SUPPLIED INFORMATION:
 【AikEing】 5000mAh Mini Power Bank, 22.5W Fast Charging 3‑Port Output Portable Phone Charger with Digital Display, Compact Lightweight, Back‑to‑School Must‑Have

---

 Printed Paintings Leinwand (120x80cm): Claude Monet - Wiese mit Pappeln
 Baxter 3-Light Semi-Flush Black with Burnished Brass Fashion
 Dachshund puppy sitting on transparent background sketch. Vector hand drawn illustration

==

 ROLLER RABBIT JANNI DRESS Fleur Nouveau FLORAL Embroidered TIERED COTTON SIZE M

EXERCISE DIRECTIONS:
Retype exactly the lines of the data above that fall between the line with "Printed Paintings Leinwand" and the line with "Dachshund puppy sitting", inclusive, and add nothing.

TASK ANSWER:
 Printed Paintings Leinwand (120x80cm): Claude Monet - Wiese mit Pappeln
 Baxter 3-Light Semi-Flush Black with Burnished Brass Fashion
 Dachshund puppy sitting on transparent background sketch. Vector hand drawn illustration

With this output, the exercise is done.